The Post

Man ‘tasered himself to be like Bruce Lee’

- MARTY SHARPE

A MAN who admitted illegally owning a Taser bought it to use on himself, so he could be like martial arts star Bruce Lee.

Manu Robin’s lawyer, Alan Cressey, said his client bought the weapon from Facebook ‘‘for personal use’’, as he believed shocking himself with it was a practice employed by the late actor.

Robin had no idea it was illegal to own a Taser and thought that, because he bought it from Facebook, it must be legal.

Officers came across the Taser while carrying out a search warrant on his Napier home.

According to a summary of facts read in Napier District Court yesterday, they found the weapon in a wardrobe.

When asked why he had it, Robin, 31, said he bought it ‘‘so I could use it like Bruce Lee does in his training’’. He told officers Lee used the weapon on himself ‘‘to bring up the adrenaline to make the training harder’’.

Lee, who died in 1973, was a Hong Kong/American martial artist who starred in films in the 1970s.

Stun guns, the forerunner­s to the Taser, were invented in the 1960s.

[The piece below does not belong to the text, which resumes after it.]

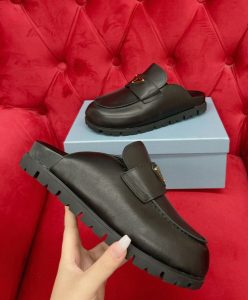 Prada Womens Leather Mules 1S430N Black-6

Tasers are restricted weapons under the Arms Act 1983. Robin pleaded guilty to one charge of unlawful possession of a restricted weapon.

Tasers fire two small dart-like electrodes, delivering an electric current resulting in strong involuntar­y muscle contractio­ns.

‘The weapon was for personal use, as bizarre as that might sound.’ Alan Cressey, defence lawyer

Cressey told the court the weapon was ‘‘for personal use’’ and that the explanatio­n Robin gave was the truth, ‘‘as bizarre as that might sound’’.

He said Robin did not know Tasers were restricted weapons.

‘‘He bought it off Facebook and that is one of the reasons why his suspicions weren’t raised,’’ Cressey said.

Judge Bridget Mackintosh sentenced Robin to 80 hours of community work and granted an order for destructio­n of the Taser.